Monday, October 21, 2019, 12:49 GMT+7
Bring your own herbs: pho lovers in Europe get resourceful to enjoy signature Vietnamese dish far from home
A bowl of pho with shrimp is served at TAVS Banh mi restaurant in Riga, Latvia. Photo: Thanh My / Tuoi Tre

Many diners have found two restaurants in Riga, the capital city of Latvia, reliable places to enjoy different variations of pho, Vietnam’s globally famous noodle dish.

Thanh My, a Tuoi Tre (Youth) newspaper correspondent, recently had an amusing experience at a pho restaurant that is thousands of miles away from the dish’s birthplace.

My discovered the TAVS Banh mi restaurant in Riga by chance during her trip to Latvia, a small country of around two million inhabitants in the Baltic region of Northern Europe.
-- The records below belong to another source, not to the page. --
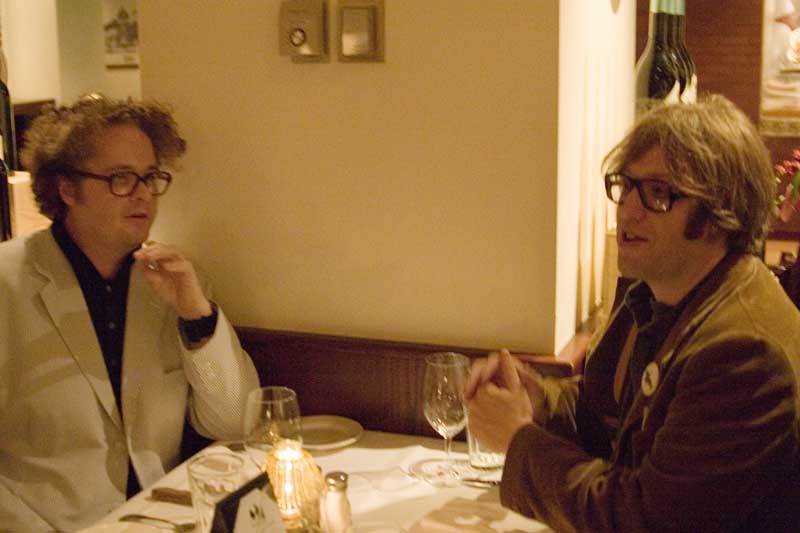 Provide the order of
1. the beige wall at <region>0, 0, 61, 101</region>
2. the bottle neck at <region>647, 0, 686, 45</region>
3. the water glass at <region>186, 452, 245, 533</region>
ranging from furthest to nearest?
the beige wall at <region>0, 0, 61, 101</region> < the bottle neck at <region>647, 0, 686, 45</region> < the water glass at <region>186, 452, 245, 533</region>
Both local residents and Vietnamese visitors to the European country are drawn to this restaurant not only by its authentic pho taste but also by its creative twists on the dish' traditional recipe.

Customers are seen at TAVS Banh mi restaurant in Riga, Latvia. Photo: Thanh My / Tuoi Tre
Customers enjoy Vietnamese food at the TAVS Banh mi restaurant in Riga, Latvia. Photo: Thanh My / Tuoi Tre

A bowl of original pho at TAVS Banh mi restaurant contains all the ingredients that are familiar to lovers of Vietnamese cuisine: rice noodles, delicate broth, and meat – be it beef or chicken, served with homemade chilli sauce.

However, like other Vietnamese restaurants in Europe, TAVS Banh mi could hardly afford fresh herbs that are traditionally served with pho for garnish, as herbs are expensive in the continent.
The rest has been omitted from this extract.